Le choix de la date revêt une portée symbolique particulière. Le mouvement intervient en effet lors de la journée Red Cup, tradition commerciale durant laquelle la chaîne offre des tasses réutilisables aux clients achetant des boissons saisonnières. Cette opération génère habituellement un afflux de clientèle et une intensification du travail pour les équipes en place. La stratégie syndicale entend ainsi maximiser la visibilité du conflit tout en perturbant délibérément l’un des événements marketing les plus lucratifs du calendrier.

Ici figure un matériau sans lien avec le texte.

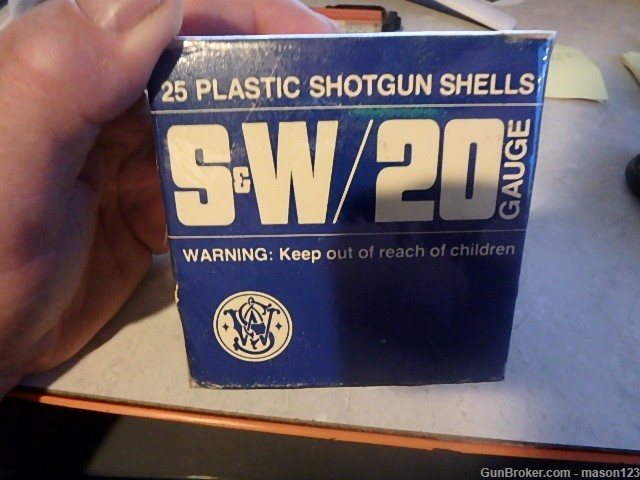 FULL 20 GA BLUE SMITH AND WESSON BOX NO 6 SHOT MAGNUMS-img-0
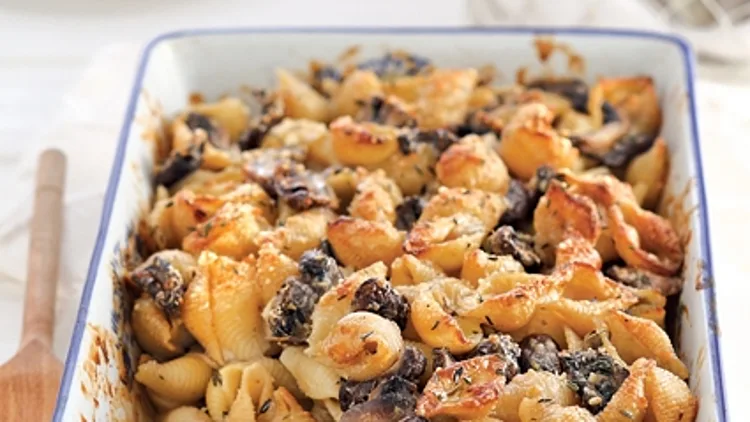 פסטיצ’יו פונגי - מאפה פסטה עם בשאמל, פטריות ופרמזן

La direction a pour sa part minimisé l’impact des protestations, affirmant que moins de un pour cent des cafés subissaient des perturbations jeudi matin. Une porte-parole du groupe a exprimé sa déception face à cette action, soulignant que le syndicat concerné ne représentait qu’une faible proportion des effectifs totaux. L’entreprise a réitéré son attente d’une reprise des discussions, tout en imputant l’arrêt des négociations depuis avril dernier à la partie adverse.

Les revendications portent principalement sur l’amélioration des rémunérations, la sécurisation des temps de travail et le renforcement des effectifs. De nombreux employés dénoncent des plannings insuffisants pour atteindre le seuil leur permettant d’accéder à la couverture santé proposée par l’entreprise. Ce mouvement social s’inscrit dans un contexte plus large de tensions persistantes entre la direction et les représentants du personnel, le syndicat Workers United accusant la multinationale de faire obstruction à toute négociation constructive.